Título: Mercosul e UE retomam negociação
Autor: Moreira, Assis
Fonte: Valor Econômico, 19/09/2006, Brasil, p. A5

O Mercosul e a União Européia (UE) retomarão a negociação do acordo de livre comércio birregional nos dias 3 e 4 de outubro, no Rio de Janeiro. A expectativa do diretor do Departamento de Negociações Internacionais do Itamaraty, embaixador Regis Arslanian, é de que os dois blocos comecem efetivamente as barganhas.

O encontro do Rio ocorrerá em meio a crescente dúvidas na Europa sobre as chances de sucesso da Rodada Doha, na Organização Mundial do Comércio (OMC), no médio prazo.

Peter Mandelson, comissário europeu de Comércio, anunciou ontem que a revisão da política comercial da UE, no mês que vem, vai se focalizar na defesa de abertura da Europa a importações, e ao mesmo tempo ser mais "ativista" para abrir mercados e "assegurar tratamento justo" para empresas européias, principalmente em grandes mercados emergentes do Brasil e Ásia.

No começo do mês, o presidente da Comissão Européia, José Manuel Barroso, confirmou o início de "discussões exploratórias" com outros países, como Coréia do Sul, depois da suspensão das negociações na OMC.

A negociação UE-Mercosul está em compasso de espera há vários meses, devido a temas que dificultam igualmente as discussões na OMC: abertura dos mercados agrícolas na UE e industrial e serviços no bloco do Cone Sul.

Em abril, o Mercosul propôs a Bruxelas "elementos para um possível acordo" no qual pedia cota livre de tarifas de 300 mil toneladas para carne bovina - quase o dobro do que Bruxelas ofereceu a todos os países membros da OMC, na Rodada Doha.
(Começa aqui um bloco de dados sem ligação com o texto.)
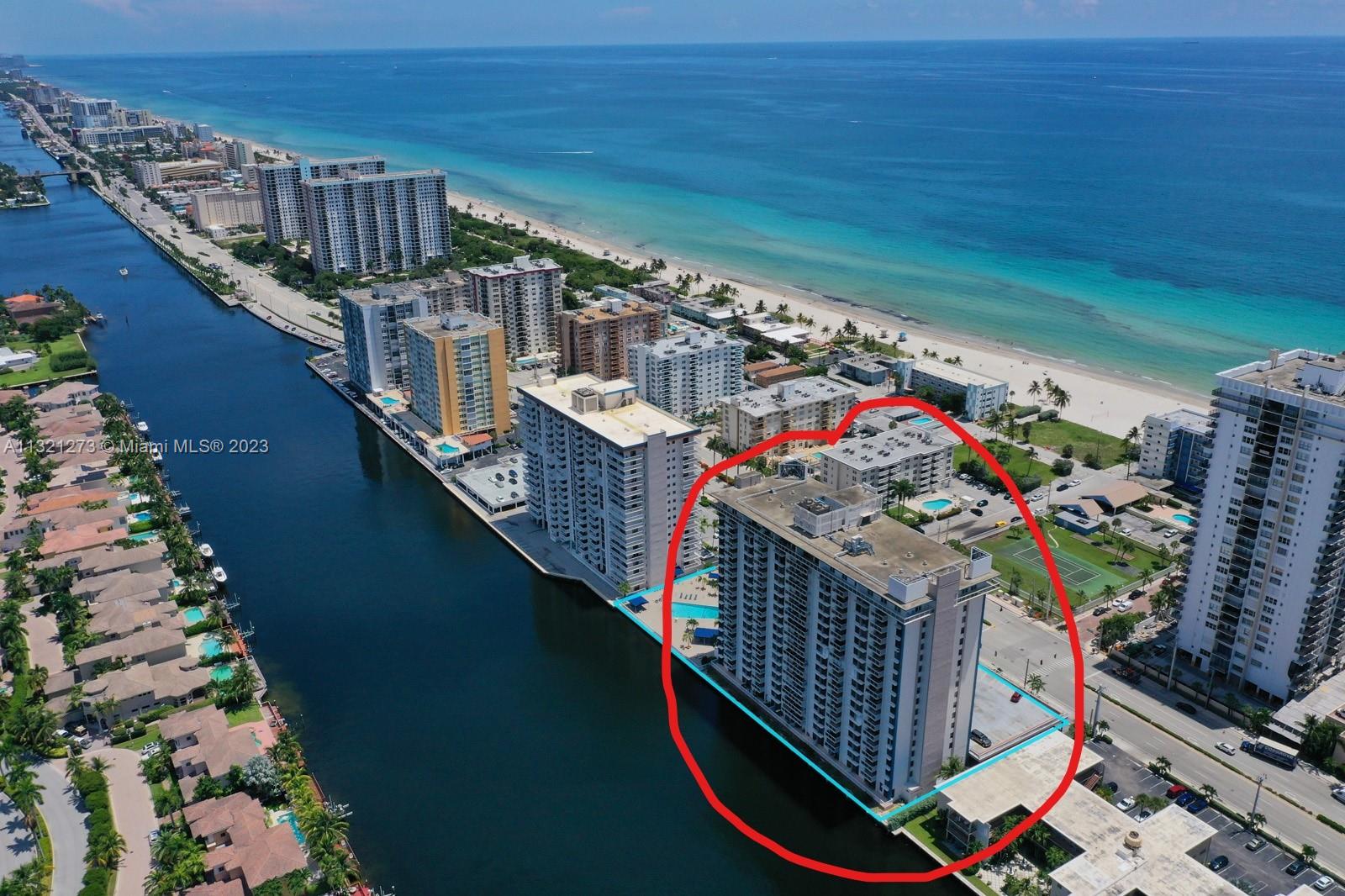 Our building circled in red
Pediu também cota de 250 mil toneladas para carne de frango, montante idêntico ao que a UE quis oferecer na OMC.

Um mês depois, Bruxelas respondeu ao Mercosul que tinha "algum espaço" na área agrícola e fez suas próprias demandas. Incluiu proteção adicional de indicações geográficas, abertura no setor de serviços, garantia de abertura do mercado brasileiro para 353 produtos industriais prioritários dos exportadores europeus.

Agora, no Rio, "tem de haver movimento em agricultura (por parte da UE)", diz Arslanian. "Há dois anos que não tem havido nem indicações." Em contrapartida o Mercosul sinalizou com melhora em resseguros, transporte marítimo, serviços financeiros. O bloco pode melhorar sua oferta em bens industriais, especialmente no setor automotivo. Isso depende de flexibilidades a serem negociadas.

A negociação está sendo modelada de forma a que quase todos os produtos tenham as tarifas eliminadas no prazo de dez anos. "Mas não precisa todo o acordo ser de dez anos de prazo para chegar à tarifa zero. Alguns setores são sensíveis; como eles têm agricultura, temos sensibilidade no setor automotivo."

Para ser compatível com as regras da OMC, é preciso que o acordo cubra volume substancial do comércio. Para a UE, isso significa 90% das trocas, pelo menos. Para o Mercosul, pode ser menos. Havendo flexibilidade, o Mercosul pode reduzir o prazo de 18 anos para liberalizar seu mercado para a entrada de automóveis europeus, como é sua proposta ainda de 2004. "Queremos flexiblidade, mas para melhorar e não piorar nossa oferta", disse o embaixador.

"Podemos chegar logo muito perto de um acordo, se avançarmos em agricultura, serviços e nas flexibilidades", acredita.

A Venezuela fará parte, pela primeira vez, da delegação do Mercosul, como novo membro do bloco. Em Bruxelas, existe expectativa sobre a influência que o governo de Hugo Chávez poderá ter na discussão. Nesta quarta-feira, a Venezuela estará também na discussão em Brasília sobre a agenda externa do bloco.

O Mercosul procura acelerar outras negociações bilaterais, que o embaixador diz terem impacto significativo. Nos dias 9 e 10 de outubro, o bloco negocia em Riad (Arábia Saudita) o acordo com os países do Golfo. A expectativa é fechar o acordo até o fim do ano. O maior potencial para o Mercosul está nas exportações industriais, porque serão cortadas tarifas hoje de 18% sobre automóveis.

De Riad, os negociadores do Mercosul vão a Nova Déli. A idéia é ampliar o acordo com a Índia de 900 produtos atualmente para 4.500. O bloco quer sacramentar até o fim do mês a União Aduaneira da África Austral (Sacu), atualmente composto por aproximadamente 2 mil itens. Poderá haver inclusão de cerca de 2 mil outros produtos, inclusive do setor automotivo, como automóveis, motores, caminhões e autopeças.